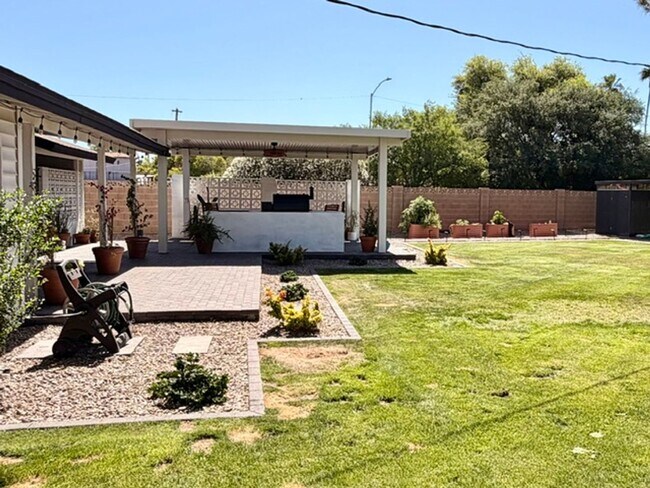 Building Photo - Updated Central Phoenix 3 bed, 2 bath with open layout, stainless steel appliances, and large irr...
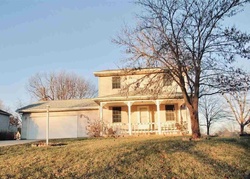 Pre-foreclosure in  W PRINCE VALIANT CT Mapleton, IL 61547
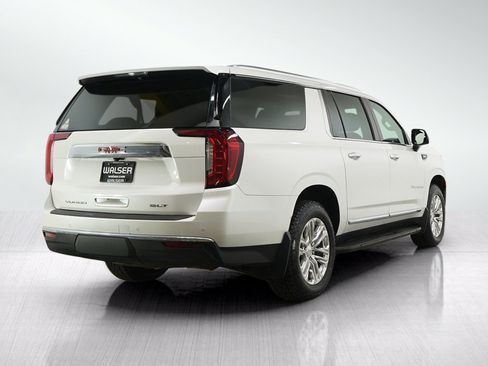 Used 2023 GMC Yukon XL SLT w/ SLT Luxury Package AWD/4WD image 5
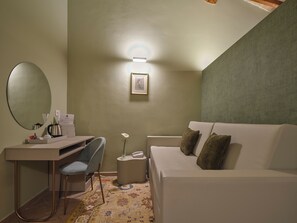 Superior Room | In-room safe, desk, free WiFi, bed sheets - Boutique Hotel Palazzo Brunamonti (Bevagna)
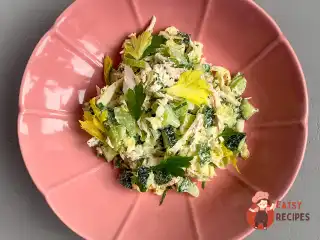 Курячий салат з мацоні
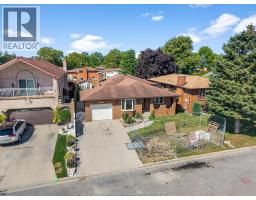 2787 Lionel DRIVE - 33
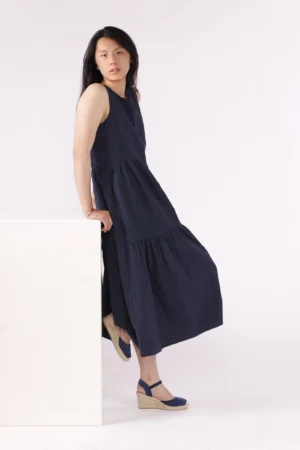 ABITO denim smanicato cucito a strati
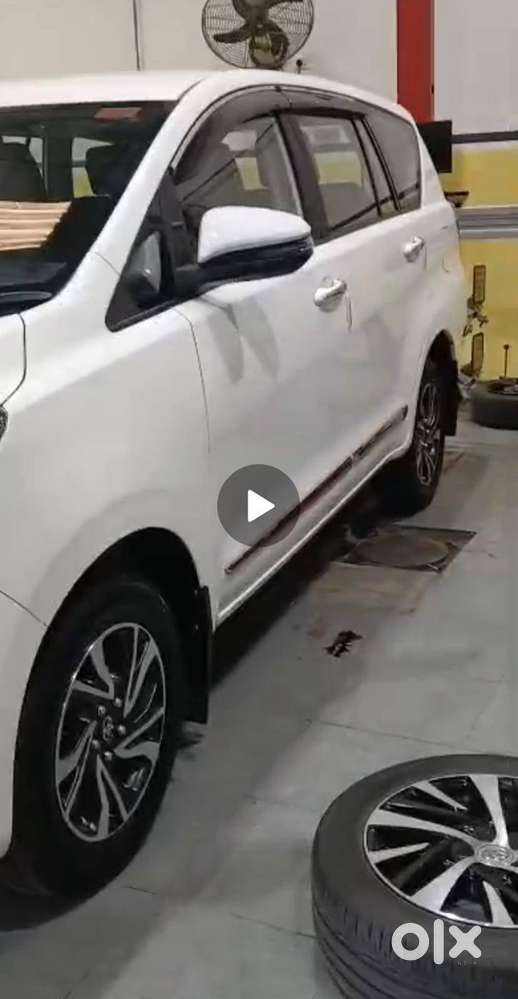 Toyota Innova Crysta 2.4 2026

===

> **Prompt**
Will you restate every entry word for word and omit the images?

> **Response area**
 Building Photo - Updated Central Phoenix 3 bed, 2 bath with open layout, stainless steel appliances, and large irr...
 Pre-foreclosure in  W PRINCE VALIANT CT Mapleton, IL 61547
 Used 2023 GMC Yukon XL SLT w/ SLT Luxury Package AWD/4WD image 5
 Superior Room | In-room safe, desk, free WiFi, bed sheets - Boutique Hotel Palazzo Brunamonti (Bevagna)
 Курячий салат з мацоні
 2787 Lionel DRIVE - 33
 ABITO denim smanicato cucito a strati
 Toyota Innova Crysta 2.4 2026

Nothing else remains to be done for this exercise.